— About this exercise —
Scan the records for "Apartment". Show the matching lines.

— Data shown —

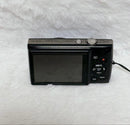Canon Compact Digital Cameras Ixy 210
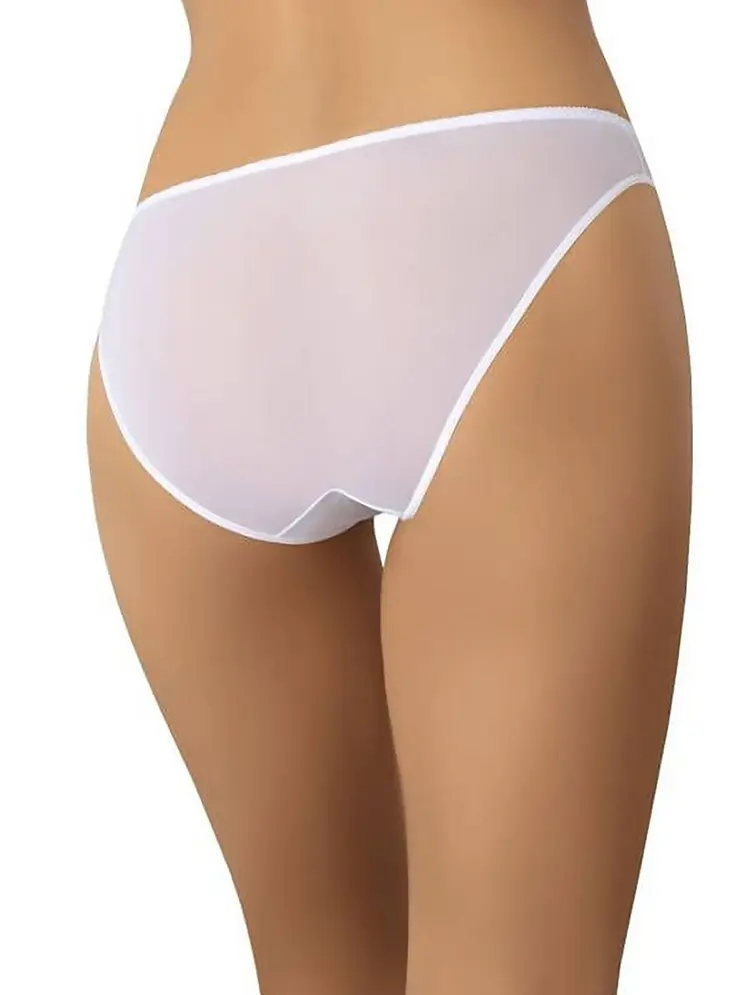 Panties model 182904 Teyli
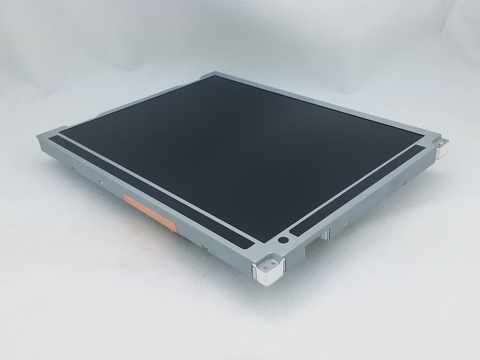 SHARP LQ150X1MW21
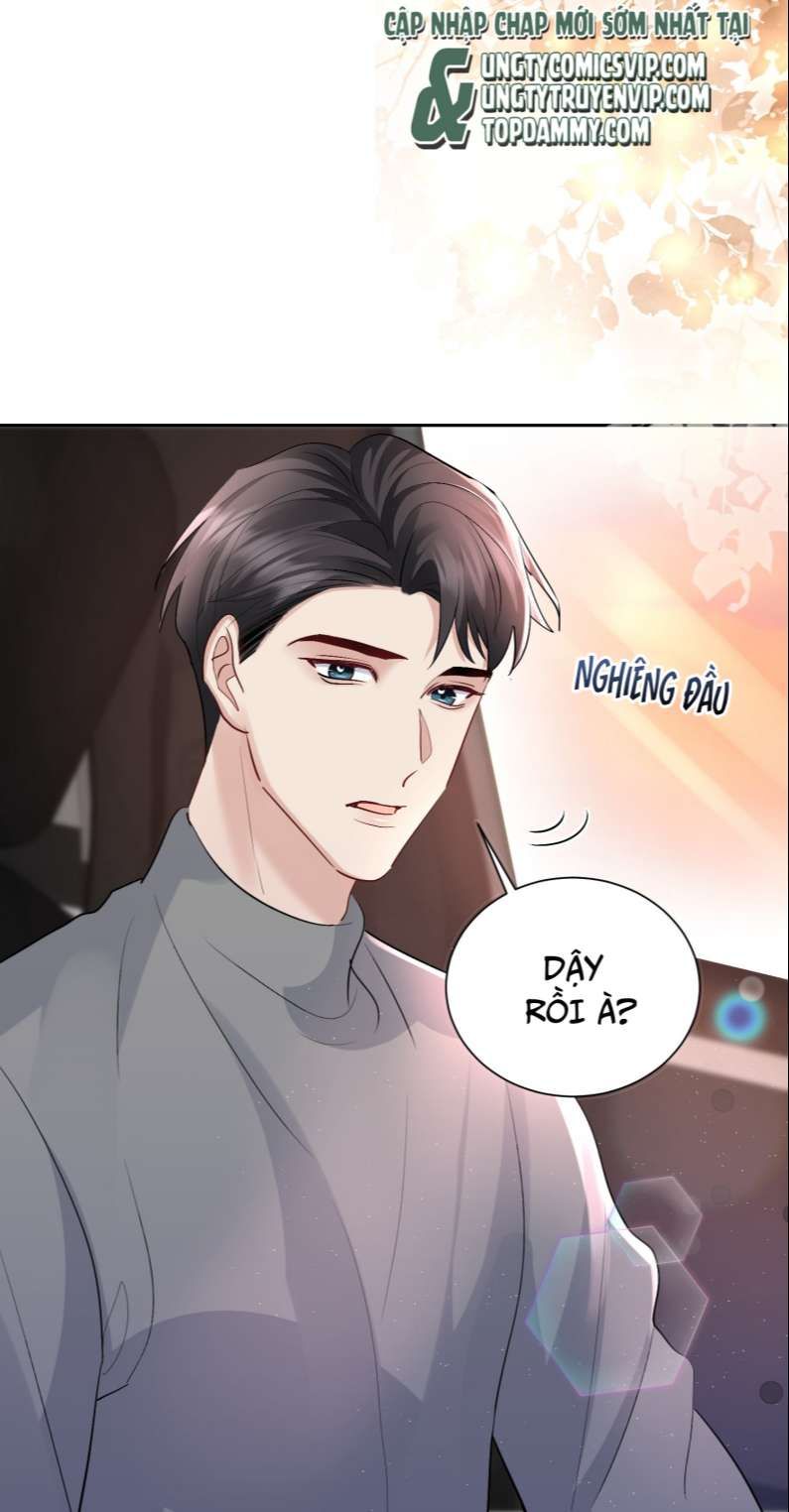 Trang 32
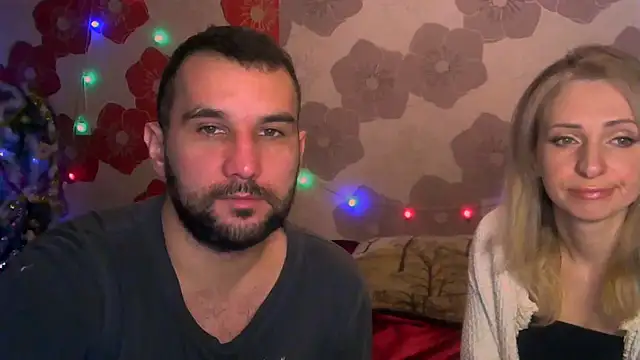 John Daenerys online show from January 2026 10:57:02 PM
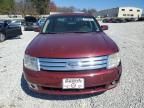 2008 Ford Taurus SEL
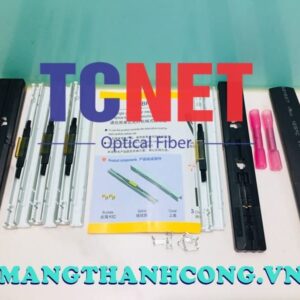 L925BP Outdoor Mechanical Splice Original High Quality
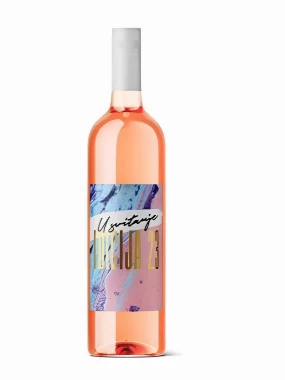 Edicija 23 U Svitanj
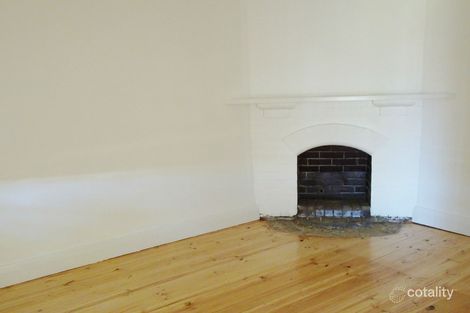 Property photo of 14 Bensley Street Risdon Park SA 5540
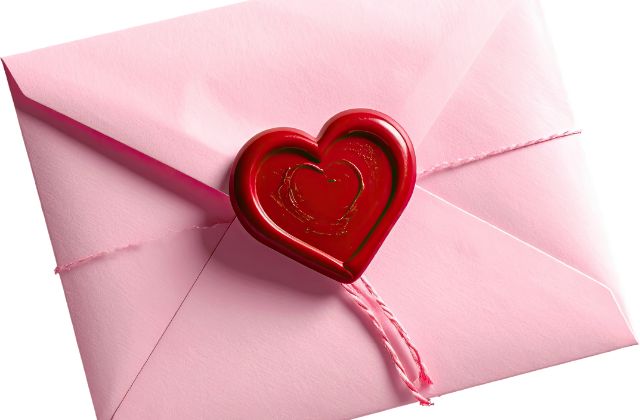 SnowManからファンレターの返事きた！書き方で返事くる人がいるって本当？読まないで捨てられるのも書き方次第？！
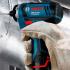 Bosch gsr 10,8-li (0.601.992.909) Шуруповерт инструкция, поддержка, форум, описание, мануал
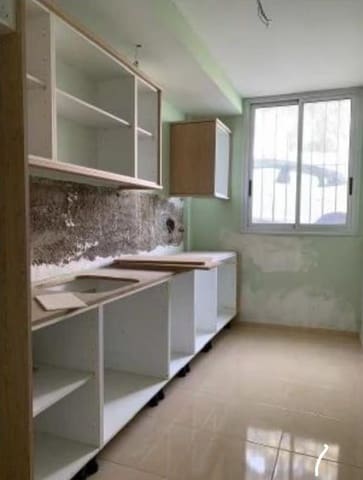 1 slaapkamer Flat te koop in Los Realejos met garage - € 115.000 (Ref: 9137298)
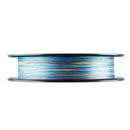 Pintas Valas DAIWA J-Braid Grand x8 0.13mm 8.5kg 150m Multicolor-2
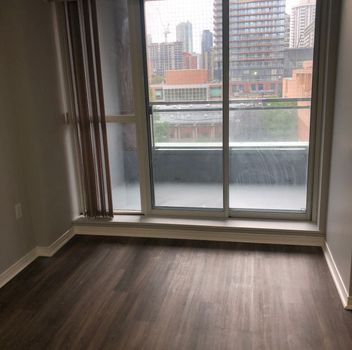 Condo 889 Bay Street Toronto For {
  "id": "C12040617-VOW",
  "Restricted": 0,
  "Active": 1,
  "Sold": 0,
  "Acreage": null,
  "Address": "889 Bay Street",
  "AirConditioning": "Central Air",
  "ApproxAge": "",
  "ApproxSquareFootage": "600-699",
  "Area": "Toronto",
  "AreaCode": "",
  "Basement": "None",
  "Bedrooms": 1,
  "BedroomsPlus": 0,
  "Blob": "apostrophemlsphoto",
  "BuildingAmenities": "",
  "BuildingAreaTotal": "",
  "BuildingAreaUnits": "",
  "BuildingInsuranceIncluded": null,
  "Board": "Toronto Regional Real Estate Board",
  "ClassSearch": "Condo",
  "CentralVac": "False",
  "ClosedDate": "0001-01-01T00:00:00Z",
  "CoListAgentEmail": null,
  "CoListAgentID": null,
  "CoListAgentName": null,
  "CoListAgentDesignation": null,
  "CoListAgentPhone": null,
  "CoListOfficeID": null,
  "CoListOfficeName": "",
  "CommercialCondoFees": 0,
  "Community": "Bay Street Corridor",
  "CommunityCode": null,
  "Condition": "",
  "ConditionalExpirydate": "0001-01-01T00:00:00Z",
  "ContractDate": "2025-03-21",
  "DaysOnMarket": 0,
  "DirectionsCrossStreets": "Bay and Wellesley",
  "DisplayAddressOninternet": "True",
  "DistributeToInternetPortals": "True",
  "Elevator": "",
  "Extras": "",
  "ExpiryDate": "2025-06-30T00:00:00Z",
  "FireplaceStove": "False",
  "Furnished": "Unfurnished",
  "GarageSpaces": 1,
  "GarageType": "Underground",
  "HeatType": "Forced Air",
  "HeatSource": "Gas",
  "IDX": "Y",
  "Kitchens": 1,
  "KitchensPlus": 0,
  "Latitude": 43.663014,
  "LastStatus": "New",
  "Lease": "",
  "LeaseFrequency": "Monthly",
  "LeaseTerm": "12 Months",
  "Level": null,
  "ListAgentEmail": null,
  "ListAgentID": null,
  "ListAgentName": null,
  "ListAgentDesignation": null,
  "ListAgentPhone": null,
  "ListBrokerage": "T.O. CONDOS REALTY INC.",
  "ListOfficeID": "029300",
  "ListOfficePhone": null,
  "ListAOR": null,
  "ListingEntryDate": "2025-03-25T16:31:33Z",
  "ListPrice": 2400,
  "Longitude": -79.386333,
  "LotDepth": 0,
  "LotFront": 0,
  "LotSizeCode": "",
  "MLS": "C12040617",
  "MLSNumber": "C12040617",
  "MLSStatus": "A",
  "MLSLastStatus": "New",
  "MoveInDate": "",
  "Municipality": "Toronto",
  "MunicipalityCode": "",
  "MunicipalityDistrict": "Toronto C01",
  "OpenHouseDate1": "0001-01-01T00:00:00Z",
  "OpenHouseDate2": "0001-01-01T00:00:00Z",
  "OpenHouseDate3": "0001-01-01T00:00:00Z",
  "OpenHouseFrom1": null,
  "OpenHouseFrom2": null,
  "OpenHouseFrom3": null,
  "OpenHouseTo1": null,
  "OpenHouseTo2": null,
  "OpenHouseTo3": null,
  "OriginalPrice": 2400,
  "ParkingSpaces": 1,
  "PetsPermitted": "No",
  "PhotoCount": 15,
  "Pool": "",
  "PostalCode": "M5S 3K5",
  "PropertyType": "Condo",
  "PropertyTypeSearch": "Residential",
  "PropertySubType": "Condo Apartment",
  "PropertySubTypeSearch": "Condo",
  "PropertyStyleSearch": "Apartment",
  "Province": "ON",
  "RemarksForClients": "Opera Place Spacious Bright & Clean One Bedroom + Parking + Locker, New Laminated Floors - Unit Painted And Cleaned With Large Balcony ,Excellent Location Close To Y.M.C.A., U Of T, Subway, Hospital & All Amenities, Quiet East View Of Park With Morning Sun.",
  "Retirement": "0",
  "SaleLease": "Lease",
  "SoldDate": "0001-01-01T00:00:00Z",
  "SoldPrice": "",
  "Sewers": "",
  "Source": "VOW",
  "SPLP": 0,
  "SqFtTotal": null,
  "SqFtRangeMin": 600,
  "SqFtRangeMax": 699,
  "Status": "A",
  "StreetNumber": "889",
  "StreetAbbreviation": "",
  "StreetDirection": "",
  "StreetName": "Bay",
  "Style": "Apartment",
  "SuspendedDate": "0001-01-01T00:00:00Z",
  "Taxes": 0,
  "TaxYear": "",
  "TerminatedDate": "0001-01-01T00:00:00Z",
  "TimestampSql": "2025-04-23T23:15:45Z",
  "TotalArea": "0",
  "TotalParkingSpaces": 1,
  "Type": "Condo Apartment",
  "TypeSearch": "Apartment Unit",
  "UnitNumber": "613",
  "VirtualTourURL": "",
  "Washrooms": 1,
  "Water": null,
  "Waterfront": "",
  "WaterIncluded": "",
  "YearBuilt": null,
  "Zoning": "",
  "Geometry": "43.663014,-79.386333",
  "RTimestampSql": "2025-04-23T23:55:34Z"
}.(string)property[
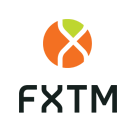 FXTM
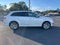 2017 Audi Q7 3.0 TDI Premium Plus quattro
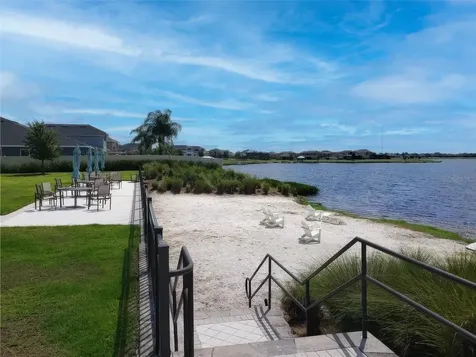 10942 Verawood Drive Riverview FL 33579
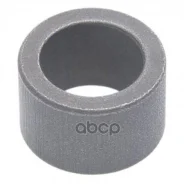������ ������������ | ��� | BB21028; �TT-005; �7900826SX; �GM-1021; �KAT-3904TOY; �PSE2216; �TG9038715027; �GRM16876; �90387-15012; �GSM0403; �SM0403...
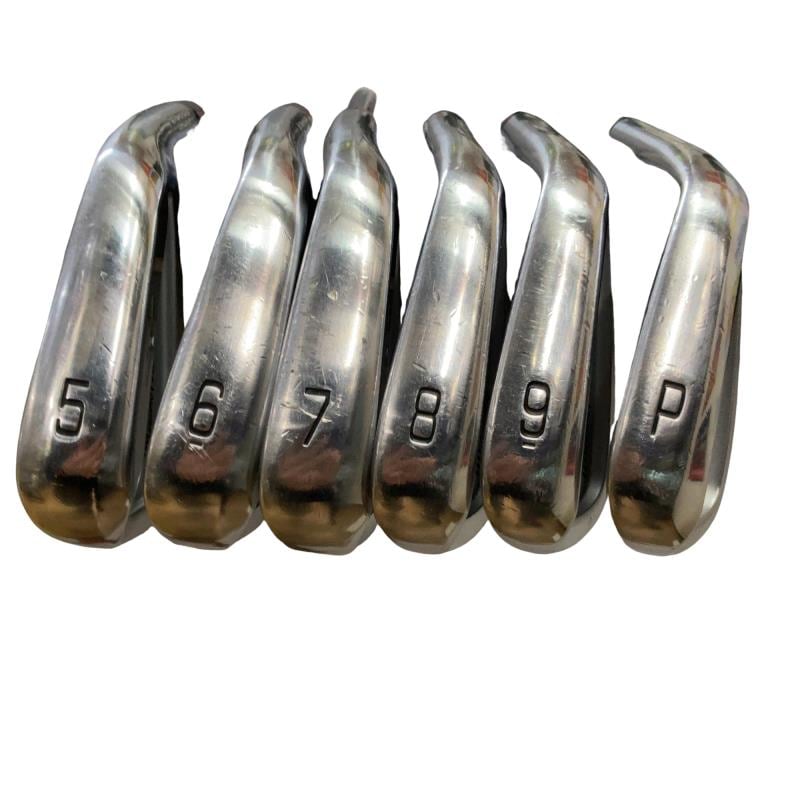 �l�����������@�o�����@�Q�Q�R�@�U�r�i���{���F�U�{�Z�b�g�j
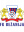 Bežanija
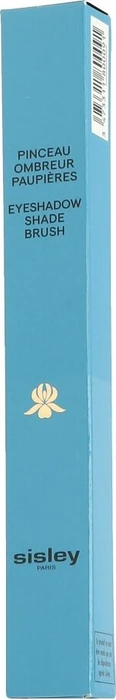 Sisley Pinceau Ombreur Paupières Lidschattenpinsel
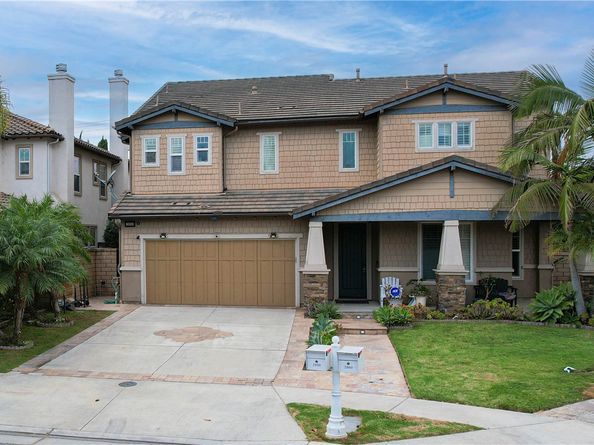 2850 N Stone Pine, Santa Ana CA 92706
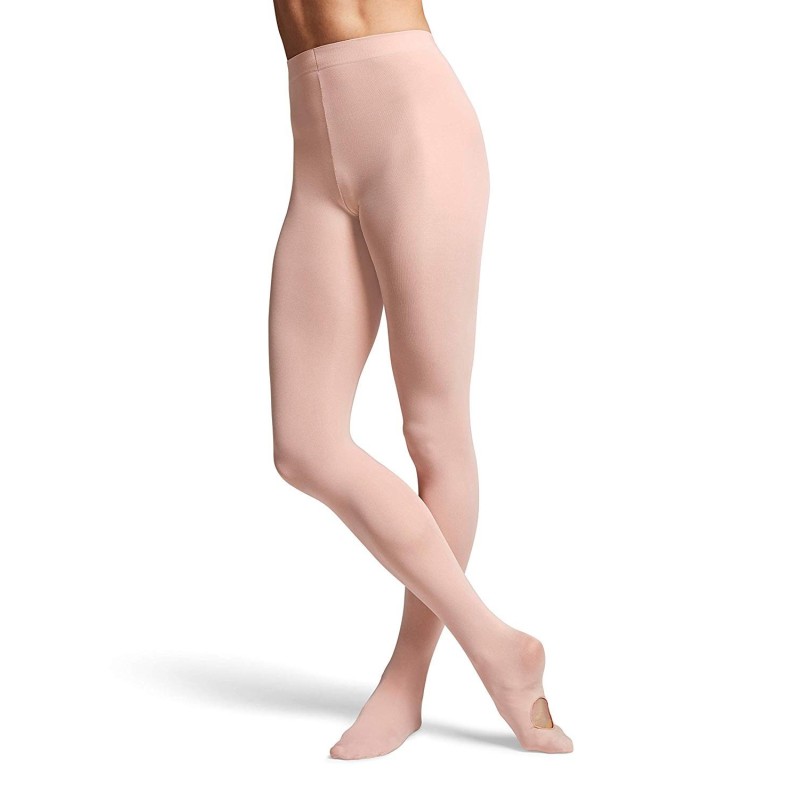 BLOCH CONVERTIBLE TIGHTS  TO982G/TO982L            FREE POSTAGE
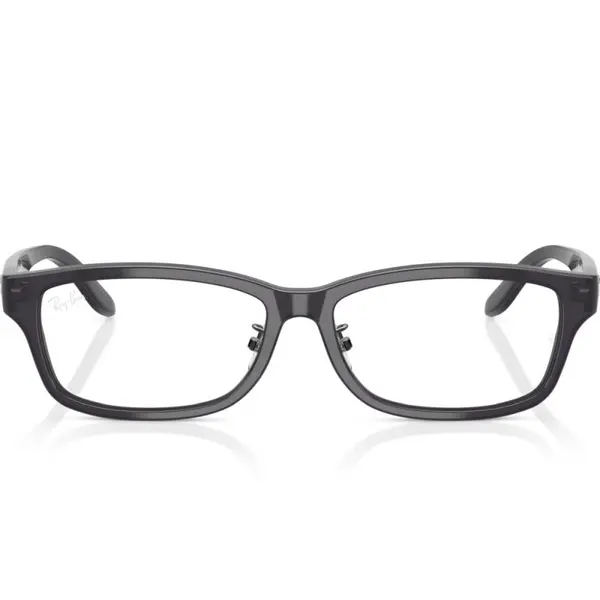 Ray-Ban RX5408D 5920 57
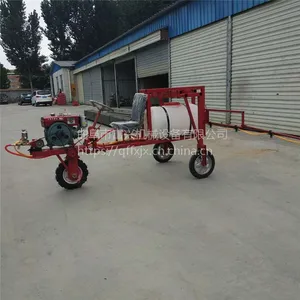 �����ĳ�����ƹ�԰��ҩ�� ��ľɱ���ҩ�� ũ������������������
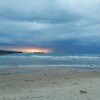 https://cdn-ostrovok-ru-ion.test.edgekey.net/t/100x100/hotel_review/03/b5/03b5f26c9ee5c41c0367f633f7c63d790ad443e5.JPEG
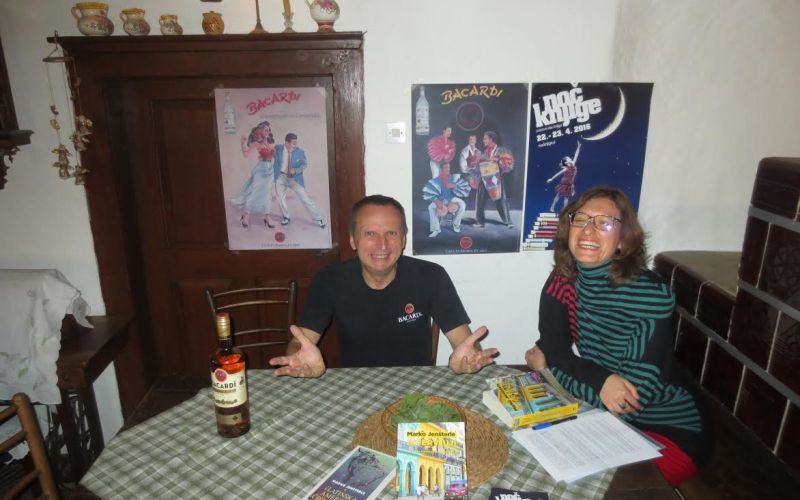 marko jenšterle in mojca planšak (5).png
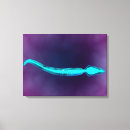 Search for fertilisation art Microbiology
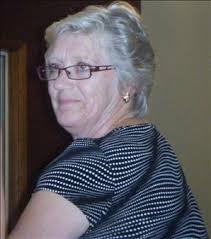 Carol Joyal Obituary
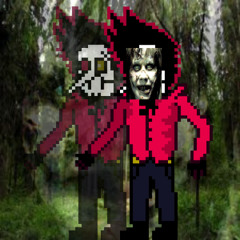 hearts in twain draw near CoVeR (I can give you flp in discord)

— Expected answer —
  "PropertySubType": "Condo Apartment",
  "PropertyStyleSearch": "Apartment",
  "Style": "Apartment",
  "Type": "Condo Apartment",
  "TypeSearch": "Apartment Unit",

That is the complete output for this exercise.